La «santa» mamma di Giuseppina Faro
La famiglia Faro era tra le più agiate e influenti di Pedara. La signora Teresa Consoli, donna di grande religiosità, proveniva da un’altra famiglia benestante del paese. Come attesta il biografo padre Felice Maria Caruso, «i genitori di Giuseppina, nonostante la loro posizione sociale, furono persone molto pie e attente ai bisogni dei poveri». Non ostacolarono mai la figlia facendosi, a loro volta, coinvolgere e ammaestrare ad un sempre maggiore impegno cristiano sostanziato di amore a Dio e al prossimo. I genitori, ai quali Peppina era sempre obbedientissima, gioivano di quanto faceva la figlia convinti della sua santità, così come uno zio che non esitava a dire «ho una nipote santa».
Peppina, che nella sua opera caritatevole e assistenziale verso i poveri e i malati distribuiva molti beni del patrimonio familiare, ebbe pure il permesso di trasformare la sua casa «in un ritrovo di anime pie» che «l’accompagnavano alla chiesa ed alle stamberghe dei poverelli». Tra queste, tante volte vi era pure la mamma. Complice della figlia, intuì la veridicità del desiderio di consacrarsi al Signore assecondandone il desiderio di una «visibilità» esterna; infatti, la giovane le chiese ben presto di poter «lasciare le vesti signorili e poter vestire da umile divota». La signora Teresa diede alla figlia il permesso di vestire secondo l’uso delle «bizzocche» fino anche a consentirle, anni dopo, di entrare nel monastero di San Giuliano a Catania.
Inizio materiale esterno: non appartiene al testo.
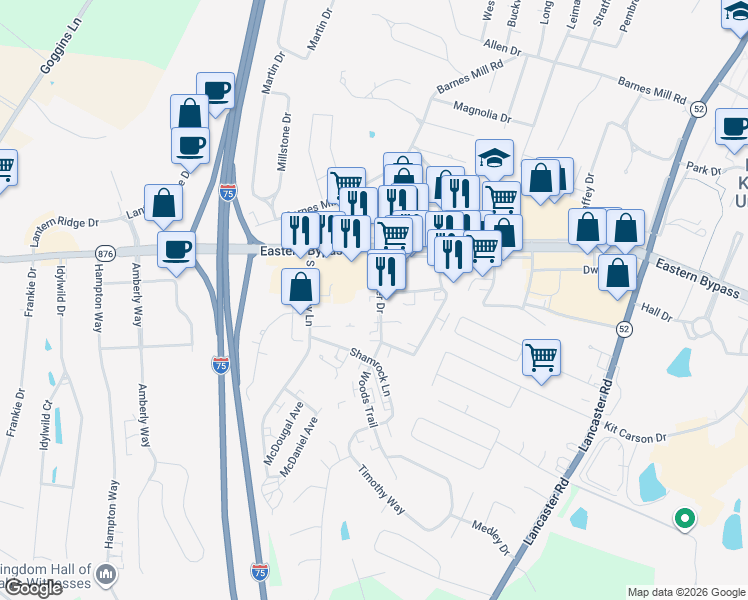 map of restaurants, bars, coffee shops, grocery stores, and more near 228 South Porter Drive in Richmond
In una lettera scritta dal dott. Antonio Papaldo, appartenente a una delle più antiche famiglie pedaresi, e datata Roma 24 gennaio 1978, troviamo una pennellata proprio sulla signora Teresa: «Forse il ricordo più interessante è quello della madre di Giuseppina. Era vecchissima e venerata da tutto il paese come donna molto caritatevole. Mi voleva bene e si divertiva tanto a sentire parlare quel piccolo fanciullo che io ero».
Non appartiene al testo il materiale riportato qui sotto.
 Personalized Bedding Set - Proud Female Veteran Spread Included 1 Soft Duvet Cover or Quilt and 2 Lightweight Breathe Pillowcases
Il rimando sotteso non tanto dell’età, quanto alla saggezza di questa donna poiché, nel ricordo del Papaldo, la vecchiaia è associata alla venerazione, una attestazione unanime in virtù dell’essere caritatevole, come già e insieme alla figlia Peppina. Ancora: una donna che sapeva volere bene, che entrava in empatia, che sapeva ascoltare tutti sempre pronta a rispondere alle domande di quanti volevano abbeverarsi all’acqua sorgiva da cui era scaturita tanta santità. Infine, la capacità di ridere nonostante il lutto che portava in cuore – e per una mamma addolorata gli anni non passano – di farsi piccola con i piccoli; indubbiamente l’eredità lasciatale dalla figlia era prima di tutto quella grande serenità che viene dall’accettare sempre con convinta adesione il divino volere.
La «benedettina» Giuseppina Faro
L’ultima fase della vita di Giuseppina Faro è contrassegnata dalla permanenza in monastero quale naturale sbocco della sua intensa vita spirituale.
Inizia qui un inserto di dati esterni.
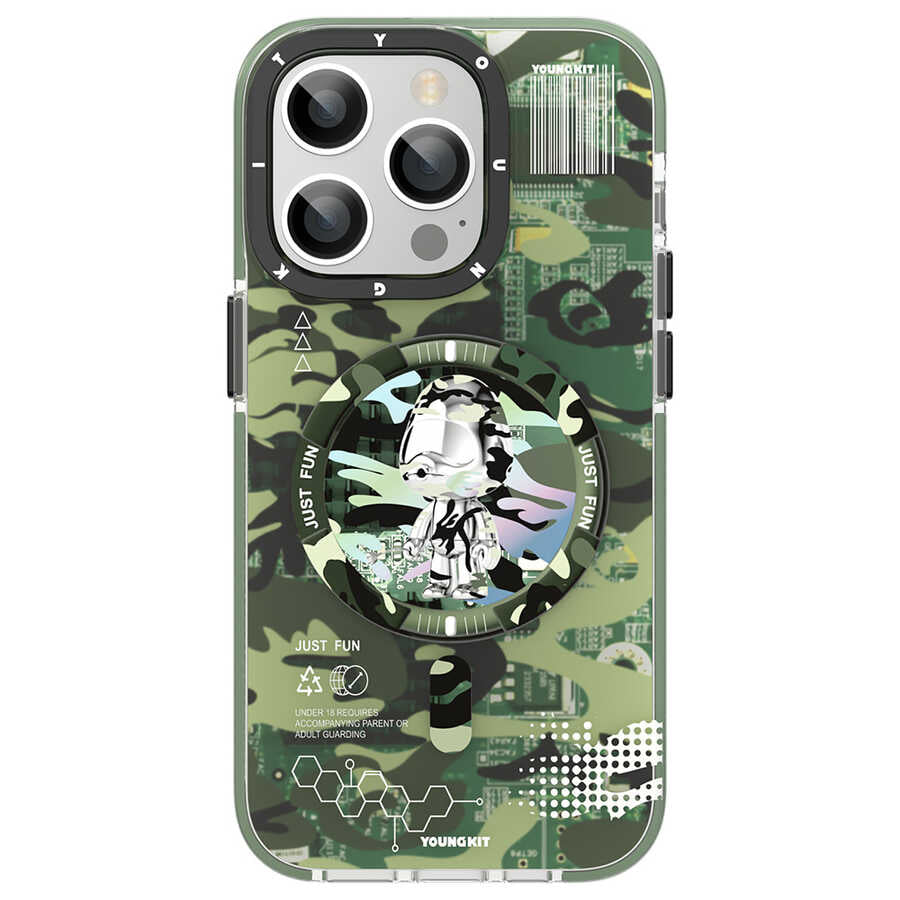 iPhone 14 Pro Max Kılıf M-safe Şarj Özellikli YoungKit Kamuflaj Serisi Kılıf - 1 iPhone 14 Pro Max Kılıf M-safe Şarj Özellikli YoungKit Kamuflaj Serisi Kılıf - 1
Da tempo desiderava di poter realizzare la sua vocazione monastica e appoggiata dai pii genitori che glielo permisero mettendo a condizione il raggiungimento della maggiore età (allora a 21 anni), lasciati gli agi e gli affetti di casa, si trasferì a Catania: era il 1870. Entrata in monastero dovette però alimentare la speranza della consacrazione definitiva confidando totalmente nel Signore cui nulla è impossibile. Infatti, a seguito della legge 7 luglio 1866 che affermava non essere «più riconosciuti dallo Stato gli Ordini, le Corporazioni e le Congregazioni religiose regolari e secolari, ed i Conservatori e Ritiri, i quali importino vita comune e abbiano carattere ecclesiastico», non potevano accettarsi aspiranti alla professione religiosa in quanto le varie comunità erano votate all’estinzione. Nei monasteri femminili si trovò l’espediente di accogliere le novizie come fossero educande. E Peppina divenne educanda di nome, postulante di fatto, benedettina per sempre nel cuore.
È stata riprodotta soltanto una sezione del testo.